Morrissey has been a familiar voice around my house decades. For 20 years, we’ve had an iPod with somewhere between 1,500 and 2,000 songs on it, and its music serves as ambience while we cook or eat or hang out. It gets turned on after work and occasionally doesn’t get turned off until we go to bed. Of these 2,000-ish songs, a few have been on there for the entire 20 years—most of the songs on R.E.M.’s first five albums; a smattering of 90s hits by Nada Surf, Counting Crows, and Matthew Sweet; and a good portion of the Smiths’ catalog. Of course, I’d flipped out over the Smiths and Morrissey’s solo work long before then, but these days, this iPod is where I hear Morrissey most of the time. It’s hard to imagine a musical artist who’s been as ubiquitous in my life as Morrissey. Maybe R.E.M. Maybe the Replacements. Short list.
I wrote an essay about Morrissey’s work for a publication that has since gone dark, but the gist of my piece was that we love Morrissey’s music because it gives dignity to our personal laments. I am a midwestern boy. I tend to keep myself from expressing my travails too freely. To put it another way, I have a serious aversion to whining, especially my own, and therefore I keep it to myself most of the time. For those like me, Morrissey’s laments in his music allow us to process the similar conflicts we feel during our lives and don’t express. In this way, Morrissey acts as a sort of real-life surrogate for this part of ourselves. We don’t always get what we want, and sometimes we’re not big on complaining about it, so we let Morrissey do it for us. Listening to his music and going through this process feels good. Hopefully, it allows us to move beyond the pain to the more productive and fulfilling aspects of our lives. I think popular music plays a similar role for most people. I know Refreshments fans have expressed similar things to me about our music and the role it plays in their lives.
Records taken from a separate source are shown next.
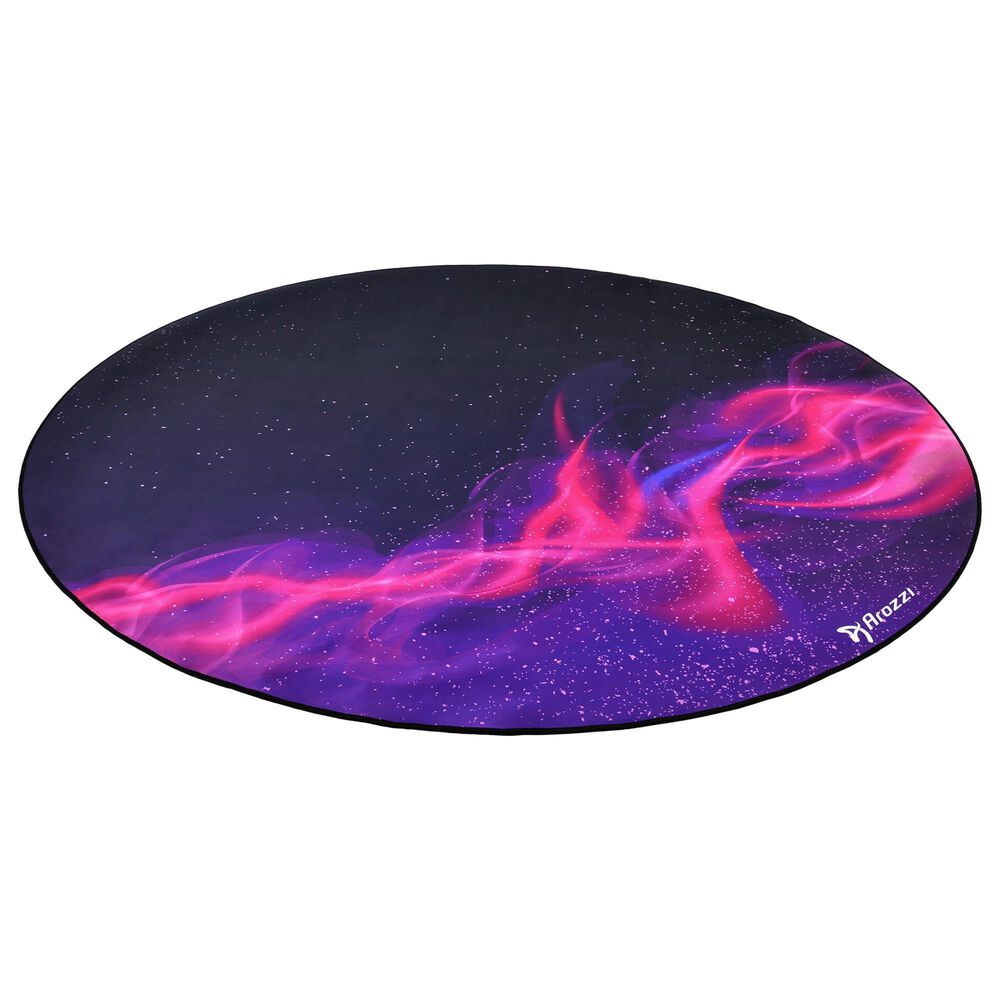 Arozzi Zona Microfiber Noise Dampening and Scratch Protection Anti-Slip Chair Mat in Deep Purple and Galaxy, , large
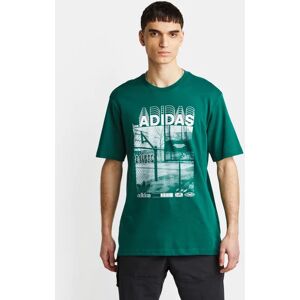 Adidas Bb Court - Men T-shirts  - Green - Size: Small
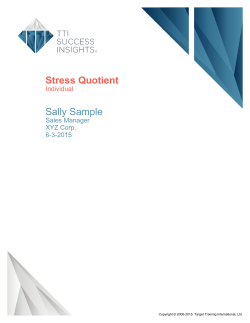 Stress Quotient Sally Sample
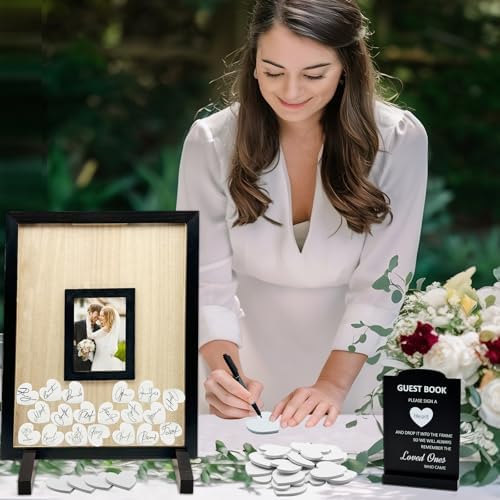 Wedding Guest Book Alternative with Heart Design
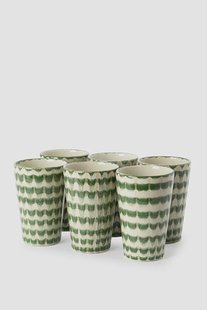 Groene latte mokken met print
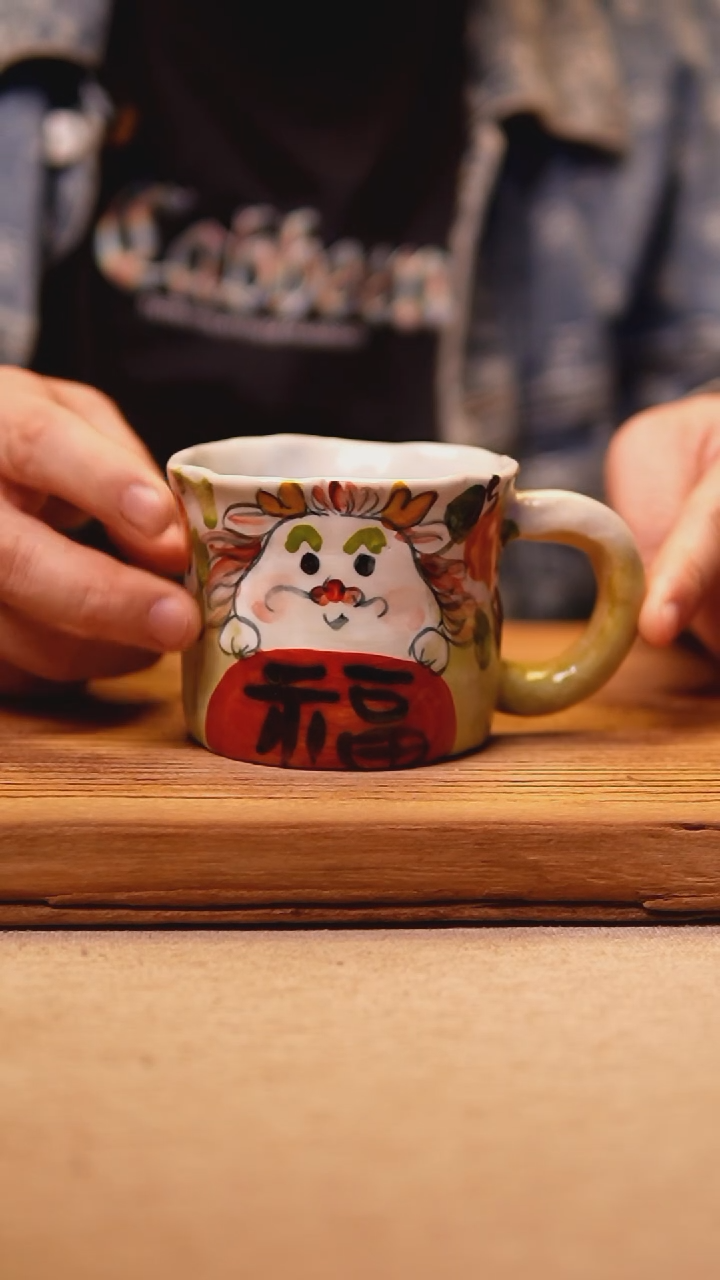 @@陶园瓷舍@@纯手工手绘@高温釉下彩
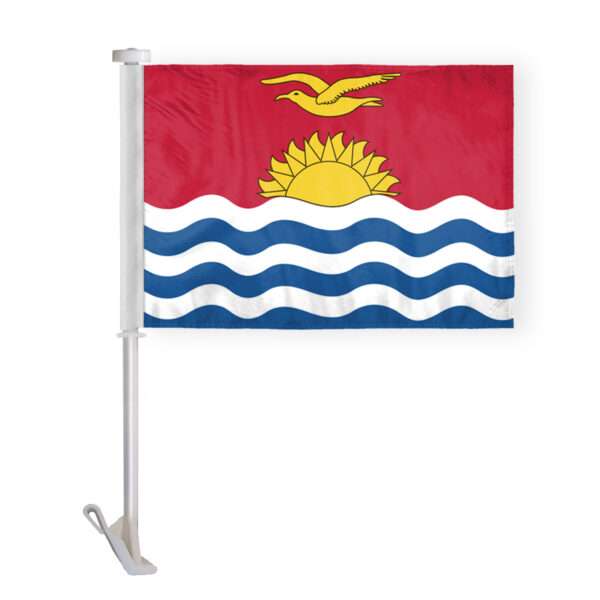 AGAS Kiribati Car Flag Premium 10.5x15 inch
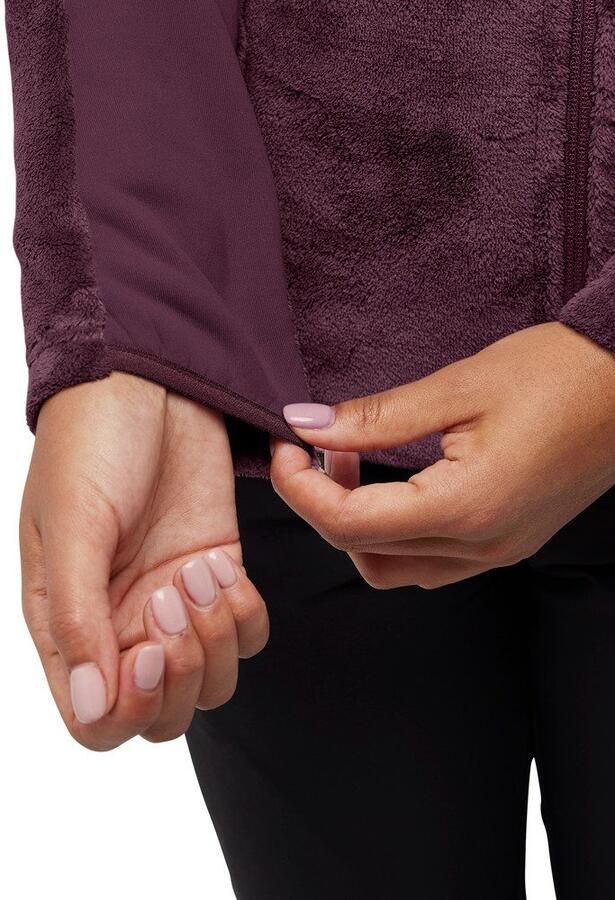 Jack Wolfskin Rotwand Hooded FZ Women Fleece jack met capuchon Dames XXL amaranth - Foto 4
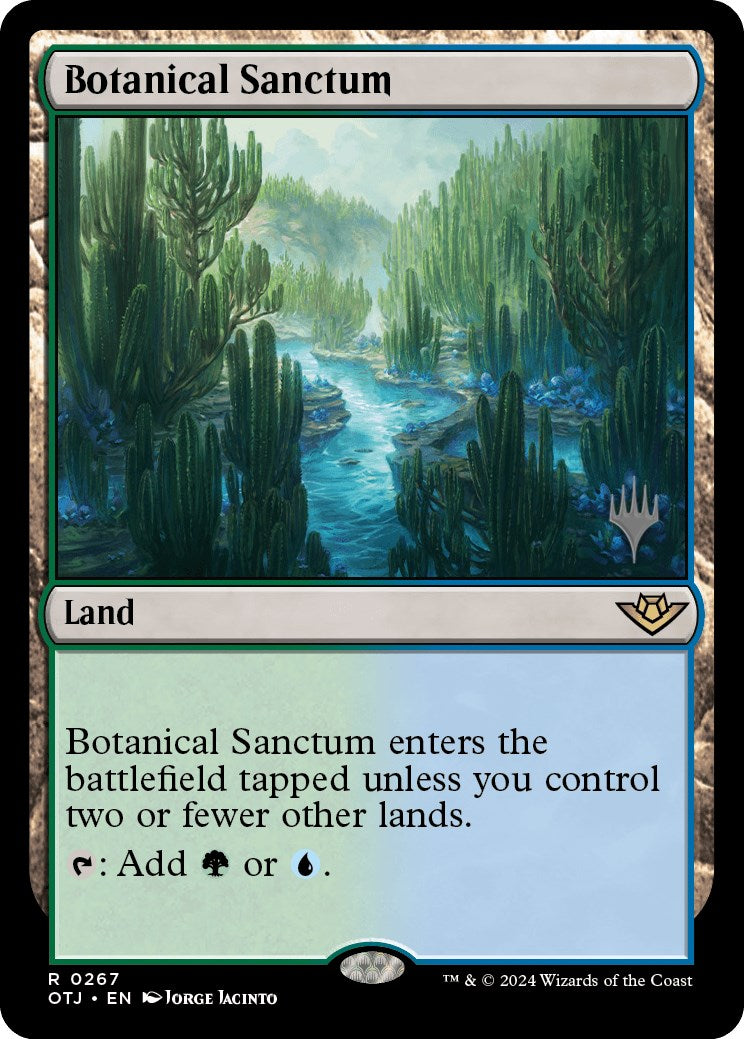 Botanical Sanctum (Promo Pack) [Outlaws of Thunder Junction Promos] | Gaming Infinity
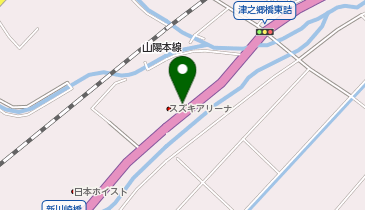 ジープ福山の地図画像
As a songwriter, it’s impossible for me to hear someone like Morrissey and not, on some level, wonder if I could do it too. What makes his work so effective? Why don’t I try it? Still, I don’t expect I ever would have given it a go if Bret hadn’t suggested it.
Bret and Kevin’s hunk felt special to me. It had one of my favorite Bret hooks, a meandering walking line low on the fretboard that ended on a minor chord, and Kevin’s drums felt driven and deliberate, reminding me of his approach to “Kingdom Come.” Everybody seemed to understand that this was an important song for the overall range of styles and emotions on the album. The singer needed to show up.
The verse lines came from imagining the ultimate failure of a thing I’d been trying to accomplish for months. This thing was important to me, and it involved someone else with more power than me doing something that would make my accomplishment complete. It wasn’t complete, but I was hopeful it would be complete soon. Imagine I was sending my demo to a record label in the hopes that I’d get signed. That’s not what it was, but that’s the kind of thing I’m talking about. The thing hadn’t failed yet, but to inspire the Morrissey-esque emotions I wanted in the song, I had to imagine it had already failed.
While the verse deals with my frustration—in this imagined scenario—with the other party not agreeing to help me with my accomplishment, the chorus puts the failure back on me. “It’s not you, it’s me.” In the above example, my demo wasn’t good enough. I’m not a good enough songwriter or musician. I’m a failure.
I like to think the finished song dramatizes, when we don’t get what we want in life, the way we bounce blame back and forth in search of a cause. We blame someone else—anyone else, everyone else—then we blame ourselves. It’s a cycle marked by extremes. It’s definitely all your fault, then it’s definitely all mine. It can be a hard cycle to get past, but we do it all the time. Music helps.
So, that’s where the lyrics of “Especially” came from. I was more or less imagining pain that hadn’t happened yet, but it felt real, just like Morrissey’s songs feel real.